🔥 Get a free month of Premium Access. Use code: FREEAUG at checkout

Cron Jobs: A Comprehensive Guide

Reza Lavarian
Share

Do you need to run a script regularly but don’t want to remember to launch it manually? Or maybe you need to execute a command at a specific time or interval but don’t want the process to monopolize your CPU or memory. In either case, cron jobs are perfect for the task. Let’s look at what they are, how to set them up, and some of the things you can do with them.

There are times when there’s a need to run a group of tasks automatically at certain times in the future. These tasks are usually administrative but could be anything – from making database backups to downloading emails when everyone is asleep.

Cron is a time-based job scheduler in Unix-like operating systems, which triggers certain tasks in the future. The name originates from the Greek word χρόνος (chronos), which means time.

The most commonly used version of Cron is known as Vixie Cron. Paul Vixie originally developed it in 1987.
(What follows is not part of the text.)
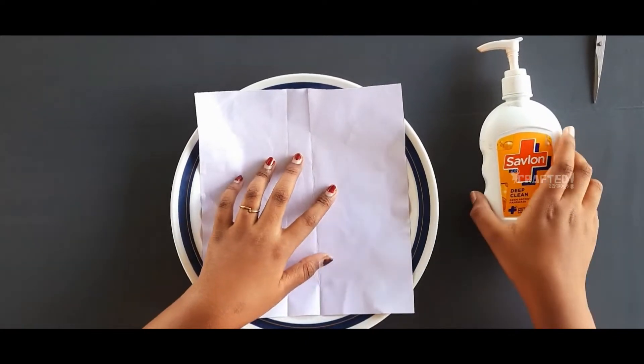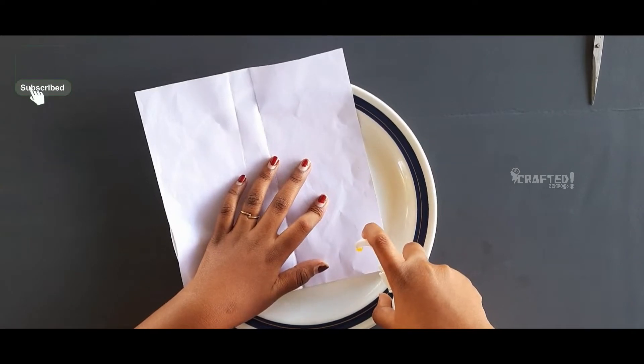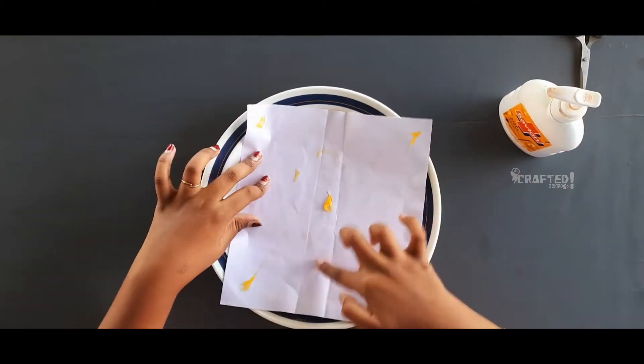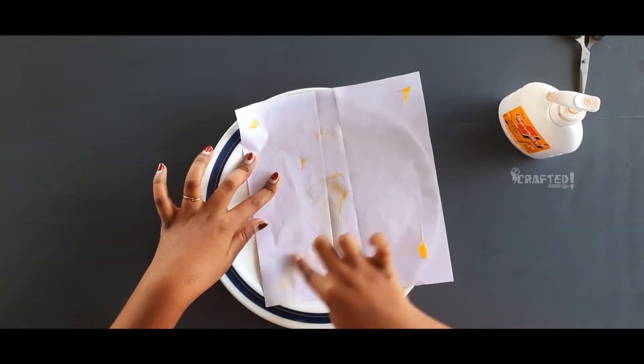Let's go to the video. I am using A4 sheet paper. I am using hand wash. If you want to do this, you can spread the hand wash.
PHP & MySQL: Novice to Ninja

Cron Job Terminology

  • Job: a unit of work, a series of steps to do something. For example, sending an email to a group of users. This article will use task, job, cron job, or event interchangeably.
  • Daemon: a computer program that runs in the background, serving different purposes. Daemons often start at boot time. A web server is a daemon serving HTTP requests. Cron is a daemon for running scheduled tasks.
  • Cron Job: a cron job is a scheduled job. The daemon runs the job when it’s due.
  • Webcron: a time-based job scheduler that runs within the server environment. It’s an alternative to the standard Cron, often on shared web hosts that do not provide shell access.

Getting Started with Cron Jobs

If we take a look inside the /etc directory, we can see directories like cron.hourly, cron.daily, cron.weekly and cron.monthly, each corresponding to a certain frequency of execution.

One way to schedule our tasks is to place our scripts in the proper directory. For example, to run db_backup.php on a daily basis, we put it inside cron.daily. If the folder for a given frequency is missing, we would need to create it first.

Note: This approach uses the run-parts script, a command which runs every executable it finds within the specified directory.

This is the simplest way to schedule a task. However, if we need more flexibility, we should use Crontab.

Crontab Files

Cron uses special configuration files called crontab files, which contain a list of jobs to be done. Crontab stands for Cron Table. Each line in the crontab file is called a cron job, which resembles a set of columns separated by a space character. Each row specifies when and how often Cron should execute a certain command or script.

In a crontab file, blank lines or lines starting with #, spaces or tabs will be ignored. Lines starting with # are considered comments.

Active lines in a crontab are either the declaration of an environment variable or a cron job. Crontab does not allow comments on active lines.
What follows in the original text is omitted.